Top of PROVIDED MATERIAL
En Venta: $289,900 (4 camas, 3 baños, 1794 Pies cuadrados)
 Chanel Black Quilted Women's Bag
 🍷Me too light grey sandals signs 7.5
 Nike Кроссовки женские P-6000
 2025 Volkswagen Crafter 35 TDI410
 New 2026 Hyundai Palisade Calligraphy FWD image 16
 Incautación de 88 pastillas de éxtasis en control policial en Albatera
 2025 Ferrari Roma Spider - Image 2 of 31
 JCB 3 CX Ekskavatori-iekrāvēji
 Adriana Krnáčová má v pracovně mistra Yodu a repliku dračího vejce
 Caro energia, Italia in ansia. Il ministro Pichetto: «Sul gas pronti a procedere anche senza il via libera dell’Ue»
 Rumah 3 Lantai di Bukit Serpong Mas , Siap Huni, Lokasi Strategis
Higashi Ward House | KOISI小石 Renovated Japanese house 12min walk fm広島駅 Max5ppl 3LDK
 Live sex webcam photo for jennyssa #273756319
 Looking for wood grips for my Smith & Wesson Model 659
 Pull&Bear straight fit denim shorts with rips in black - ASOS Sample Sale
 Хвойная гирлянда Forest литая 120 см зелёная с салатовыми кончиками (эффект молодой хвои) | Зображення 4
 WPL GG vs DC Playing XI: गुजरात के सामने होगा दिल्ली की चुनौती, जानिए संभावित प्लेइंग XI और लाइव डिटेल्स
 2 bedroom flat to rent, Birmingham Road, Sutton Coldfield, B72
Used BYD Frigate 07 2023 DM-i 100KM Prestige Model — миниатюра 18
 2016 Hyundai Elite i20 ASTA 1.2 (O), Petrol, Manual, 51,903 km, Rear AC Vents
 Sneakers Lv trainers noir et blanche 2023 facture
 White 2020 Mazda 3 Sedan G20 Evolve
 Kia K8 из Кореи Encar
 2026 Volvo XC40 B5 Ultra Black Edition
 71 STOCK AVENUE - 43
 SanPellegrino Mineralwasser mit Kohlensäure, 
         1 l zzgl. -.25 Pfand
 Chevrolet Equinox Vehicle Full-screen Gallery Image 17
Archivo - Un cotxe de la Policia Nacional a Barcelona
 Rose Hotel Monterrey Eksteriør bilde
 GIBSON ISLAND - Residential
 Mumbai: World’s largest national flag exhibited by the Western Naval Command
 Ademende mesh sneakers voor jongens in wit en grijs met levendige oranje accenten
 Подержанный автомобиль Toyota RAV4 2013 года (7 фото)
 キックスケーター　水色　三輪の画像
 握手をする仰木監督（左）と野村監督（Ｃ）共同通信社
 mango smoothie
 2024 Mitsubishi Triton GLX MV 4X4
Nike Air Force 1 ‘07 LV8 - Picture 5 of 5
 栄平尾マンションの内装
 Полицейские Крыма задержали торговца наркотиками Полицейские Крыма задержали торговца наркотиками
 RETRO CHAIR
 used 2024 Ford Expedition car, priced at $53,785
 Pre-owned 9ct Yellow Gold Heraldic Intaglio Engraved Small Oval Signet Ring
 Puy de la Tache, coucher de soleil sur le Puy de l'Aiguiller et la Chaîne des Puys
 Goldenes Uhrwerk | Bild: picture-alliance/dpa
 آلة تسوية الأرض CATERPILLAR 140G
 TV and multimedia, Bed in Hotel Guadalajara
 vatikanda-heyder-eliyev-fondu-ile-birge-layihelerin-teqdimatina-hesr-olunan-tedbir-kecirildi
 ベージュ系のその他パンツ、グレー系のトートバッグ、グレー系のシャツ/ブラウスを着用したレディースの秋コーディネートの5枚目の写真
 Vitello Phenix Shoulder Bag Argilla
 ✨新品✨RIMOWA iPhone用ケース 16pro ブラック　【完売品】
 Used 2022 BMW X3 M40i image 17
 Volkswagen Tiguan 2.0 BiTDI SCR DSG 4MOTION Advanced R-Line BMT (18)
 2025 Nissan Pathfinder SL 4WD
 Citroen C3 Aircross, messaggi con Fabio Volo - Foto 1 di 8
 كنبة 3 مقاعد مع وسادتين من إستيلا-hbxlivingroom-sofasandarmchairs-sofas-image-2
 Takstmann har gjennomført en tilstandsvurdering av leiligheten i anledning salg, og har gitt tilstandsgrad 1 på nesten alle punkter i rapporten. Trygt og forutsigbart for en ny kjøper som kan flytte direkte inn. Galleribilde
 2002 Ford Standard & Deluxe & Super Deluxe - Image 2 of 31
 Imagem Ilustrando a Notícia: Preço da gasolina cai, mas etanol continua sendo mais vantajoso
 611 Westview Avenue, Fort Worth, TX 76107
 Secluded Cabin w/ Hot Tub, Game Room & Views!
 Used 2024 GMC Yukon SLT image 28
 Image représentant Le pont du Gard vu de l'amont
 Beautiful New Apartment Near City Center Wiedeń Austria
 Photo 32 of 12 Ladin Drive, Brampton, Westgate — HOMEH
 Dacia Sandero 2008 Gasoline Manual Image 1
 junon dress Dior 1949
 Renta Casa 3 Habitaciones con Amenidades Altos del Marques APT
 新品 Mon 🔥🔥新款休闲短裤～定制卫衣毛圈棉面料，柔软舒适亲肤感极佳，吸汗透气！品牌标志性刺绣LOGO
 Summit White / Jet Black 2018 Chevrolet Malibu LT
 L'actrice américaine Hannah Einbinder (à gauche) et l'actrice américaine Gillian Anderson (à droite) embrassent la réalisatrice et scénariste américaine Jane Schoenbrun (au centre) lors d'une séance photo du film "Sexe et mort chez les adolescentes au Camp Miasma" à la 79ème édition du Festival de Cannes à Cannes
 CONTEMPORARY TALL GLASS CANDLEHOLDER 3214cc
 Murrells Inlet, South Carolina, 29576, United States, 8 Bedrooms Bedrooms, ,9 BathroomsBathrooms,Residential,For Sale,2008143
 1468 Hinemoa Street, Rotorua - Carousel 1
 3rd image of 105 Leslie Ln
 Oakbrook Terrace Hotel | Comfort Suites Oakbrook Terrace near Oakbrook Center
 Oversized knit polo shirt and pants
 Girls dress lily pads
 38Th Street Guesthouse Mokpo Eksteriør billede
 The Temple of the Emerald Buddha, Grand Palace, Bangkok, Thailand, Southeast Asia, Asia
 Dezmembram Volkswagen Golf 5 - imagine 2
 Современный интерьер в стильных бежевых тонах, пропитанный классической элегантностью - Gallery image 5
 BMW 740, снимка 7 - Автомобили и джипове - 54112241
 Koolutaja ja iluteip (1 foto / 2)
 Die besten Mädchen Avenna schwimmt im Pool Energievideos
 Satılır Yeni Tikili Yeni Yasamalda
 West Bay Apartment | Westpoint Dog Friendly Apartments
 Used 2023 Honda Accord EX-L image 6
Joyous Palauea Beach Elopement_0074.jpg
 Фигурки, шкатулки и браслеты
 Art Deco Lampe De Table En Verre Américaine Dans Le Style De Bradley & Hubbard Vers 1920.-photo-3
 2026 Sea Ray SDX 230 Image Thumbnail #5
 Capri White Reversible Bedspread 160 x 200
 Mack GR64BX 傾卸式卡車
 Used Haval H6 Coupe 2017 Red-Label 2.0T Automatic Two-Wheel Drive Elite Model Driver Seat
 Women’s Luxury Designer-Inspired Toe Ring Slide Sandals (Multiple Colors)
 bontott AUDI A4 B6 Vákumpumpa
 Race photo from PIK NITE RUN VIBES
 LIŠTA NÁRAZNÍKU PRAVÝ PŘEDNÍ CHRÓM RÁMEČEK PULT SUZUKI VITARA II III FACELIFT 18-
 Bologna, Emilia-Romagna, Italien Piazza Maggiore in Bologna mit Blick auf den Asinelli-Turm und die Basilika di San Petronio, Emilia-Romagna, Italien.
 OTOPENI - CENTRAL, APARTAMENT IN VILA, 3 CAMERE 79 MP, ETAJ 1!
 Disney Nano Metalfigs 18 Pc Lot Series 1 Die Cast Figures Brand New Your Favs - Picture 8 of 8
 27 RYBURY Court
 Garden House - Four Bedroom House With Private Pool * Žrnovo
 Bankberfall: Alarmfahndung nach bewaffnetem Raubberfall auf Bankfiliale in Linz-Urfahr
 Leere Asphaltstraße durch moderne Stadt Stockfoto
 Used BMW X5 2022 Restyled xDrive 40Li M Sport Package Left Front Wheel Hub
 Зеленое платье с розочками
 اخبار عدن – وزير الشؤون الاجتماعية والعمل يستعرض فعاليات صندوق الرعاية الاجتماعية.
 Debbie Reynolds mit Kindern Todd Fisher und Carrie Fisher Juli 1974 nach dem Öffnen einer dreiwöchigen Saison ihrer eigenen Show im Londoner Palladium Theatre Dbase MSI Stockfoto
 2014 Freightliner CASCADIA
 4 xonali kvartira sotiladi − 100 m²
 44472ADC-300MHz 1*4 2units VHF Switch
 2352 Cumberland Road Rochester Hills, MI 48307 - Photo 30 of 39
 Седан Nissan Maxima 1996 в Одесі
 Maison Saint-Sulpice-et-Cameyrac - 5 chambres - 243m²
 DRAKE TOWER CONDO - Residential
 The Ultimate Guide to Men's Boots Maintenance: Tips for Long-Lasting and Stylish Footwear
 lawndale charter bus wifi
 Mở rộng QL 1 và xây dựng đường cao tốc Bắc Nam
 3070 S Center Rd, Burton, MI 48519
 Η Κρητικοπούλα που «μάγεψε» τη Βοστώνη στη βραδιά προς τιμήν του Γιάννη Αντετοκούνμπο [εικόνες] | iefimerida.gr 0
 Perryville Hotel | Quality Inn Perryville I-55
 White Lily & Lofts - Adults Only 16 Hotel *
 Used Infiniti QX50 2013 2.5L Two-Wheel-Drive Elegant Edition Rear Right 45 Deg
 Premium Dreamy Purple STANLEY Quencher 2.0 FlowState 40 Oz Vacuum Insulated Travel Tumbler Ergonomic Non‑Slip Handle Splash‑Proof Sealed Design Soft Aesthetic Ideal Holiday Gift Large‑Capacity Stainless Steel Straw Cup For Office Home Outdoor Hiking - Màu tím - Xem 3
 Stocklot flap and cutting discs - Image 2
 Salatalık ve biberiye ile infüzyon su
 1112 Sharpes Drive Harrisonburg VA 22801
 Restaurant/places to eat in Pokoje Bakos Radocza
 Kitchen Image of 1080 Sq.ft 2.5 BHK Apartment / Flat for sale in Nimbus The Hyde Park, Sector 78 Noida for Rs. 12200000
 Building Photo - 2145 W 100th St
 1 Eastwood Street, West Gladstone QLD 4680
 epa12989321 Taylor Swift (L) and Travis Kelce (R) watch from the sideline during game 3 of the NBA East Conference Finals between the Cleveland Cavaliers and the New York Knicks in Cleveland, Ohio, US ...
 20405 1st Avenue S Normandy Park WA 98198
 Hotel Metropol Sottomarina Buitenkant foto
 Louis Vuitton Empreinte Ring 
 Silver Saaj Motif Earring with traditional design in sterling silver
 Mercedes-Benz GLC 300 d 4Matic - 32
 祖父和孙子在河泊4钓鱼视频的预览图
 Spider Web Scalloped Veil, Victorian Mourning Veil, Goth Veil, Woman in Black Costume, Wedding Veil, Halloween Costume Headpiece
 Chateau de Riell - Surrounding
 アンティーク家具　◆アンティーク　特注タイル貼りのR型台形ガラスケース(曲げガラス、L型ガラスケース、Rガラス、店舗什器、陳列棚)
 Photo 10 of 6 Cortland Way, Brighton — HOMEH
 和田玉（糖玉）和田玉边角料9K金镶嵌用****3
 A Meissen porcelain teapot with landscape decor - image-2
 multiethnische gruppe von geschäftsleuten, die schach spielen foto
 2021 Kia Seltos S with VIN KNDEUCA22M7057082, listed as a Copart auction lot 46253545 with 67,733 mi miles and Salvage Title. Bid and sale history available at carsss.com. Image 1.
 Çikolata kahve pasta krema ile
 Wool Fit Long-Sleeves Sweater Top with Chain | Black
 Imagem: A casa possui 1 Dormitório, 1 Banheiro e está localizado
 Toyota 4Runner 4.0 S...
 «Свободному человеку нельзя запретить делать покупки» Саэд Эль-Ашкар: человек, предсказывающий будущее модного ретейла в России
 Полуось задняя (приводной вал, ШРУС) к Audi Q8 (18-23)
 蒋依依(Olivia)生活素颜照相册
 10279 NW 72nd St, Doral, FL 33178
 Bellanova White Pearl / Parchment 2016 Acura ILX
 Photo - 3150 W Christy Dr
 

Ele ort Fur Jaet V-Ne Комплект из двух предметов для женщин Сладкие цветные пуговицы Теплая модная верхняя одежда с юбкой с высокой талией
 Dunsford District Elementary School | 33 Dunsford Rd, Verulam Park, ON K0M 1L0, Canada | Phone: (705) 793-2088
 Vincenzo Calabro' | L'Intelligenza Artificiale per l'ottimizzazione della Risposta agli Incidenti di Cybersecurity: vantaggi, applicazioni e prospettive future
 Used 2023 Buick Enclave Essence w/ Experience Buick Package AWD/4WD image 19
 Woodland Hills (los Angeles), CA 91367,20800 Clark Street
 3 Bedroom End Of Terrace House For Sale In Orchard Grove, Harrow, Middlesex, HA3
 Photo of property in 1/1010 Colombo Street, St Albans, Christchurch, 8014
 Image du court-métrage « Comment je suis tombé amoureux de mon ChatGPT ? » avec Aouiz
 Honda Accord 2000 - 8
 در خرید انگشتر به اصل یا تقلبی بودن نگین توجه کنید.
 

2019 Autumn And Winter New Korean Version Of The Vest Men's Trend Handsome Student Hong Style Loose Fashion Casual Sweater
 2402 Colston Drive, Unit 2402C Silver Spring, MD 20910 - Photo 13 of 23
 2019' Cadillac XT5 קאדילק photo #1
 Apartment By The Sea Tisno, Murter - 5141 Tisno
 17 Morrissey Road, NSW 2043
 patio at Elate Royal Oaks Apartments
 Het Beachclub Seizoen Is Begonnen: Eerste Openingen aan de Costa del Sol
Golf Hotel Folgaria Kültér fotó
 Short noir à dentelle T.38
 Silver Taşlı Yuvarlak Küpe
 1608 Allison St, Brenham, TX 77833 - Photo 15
Bottom of PROVIDED MATERIAL
-- PROBLEM DESCRIPTION --
For every line in the data above that has the string "Imagem", return that line.

-- TASK RESULT --
 Imagem Ilustrando a Notícia: Preço da gasolina cai, mas etanol continua sendo mais vantajoso
 Imagem: A casa possui 1 Dormitório, 1 Banheiro e está localizado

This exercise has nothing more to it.